AIM OF THE TASK :: Word for word, restate the entries below from their first line through the line that contains "Catkins Animal Rescue".

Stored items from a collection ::
BEGIN

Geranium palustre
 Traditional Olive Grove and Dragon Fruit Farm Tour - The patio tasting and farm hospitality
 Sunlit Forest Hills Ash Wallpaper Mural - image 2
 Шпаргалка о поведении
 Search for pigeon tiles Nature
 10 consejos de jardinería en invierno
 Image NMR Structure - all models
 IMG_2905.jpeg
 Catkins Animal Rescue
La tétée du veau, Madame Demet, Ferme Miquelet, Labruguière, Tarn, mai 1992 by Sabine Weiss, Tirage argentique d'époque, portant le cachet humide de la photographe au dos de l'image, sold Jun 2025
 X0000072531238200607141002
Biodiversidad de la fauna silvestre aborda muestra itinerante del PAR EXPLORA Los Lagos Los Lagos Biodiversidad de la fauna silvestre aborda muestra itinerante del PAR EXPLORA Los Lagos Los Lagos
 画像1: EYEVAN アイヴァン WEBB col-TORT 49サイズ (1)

END

ANSWER TO THIS EXERCISE ::
Geranium palustre
 Traditional Olive Grove and Dragon Fruit Farm Tour - The patio tasting and farm hospitality
 Sunlit Forest Hills Ash Wallpaper Mural - image 2
 Шпаргалка о поведении
 Search for pigeon tiles Nature
 10 consejos de jardinería en invierno
 Image NMR Structure - all models
 IMG_2905.jpeg
 Catkins Animal Rescue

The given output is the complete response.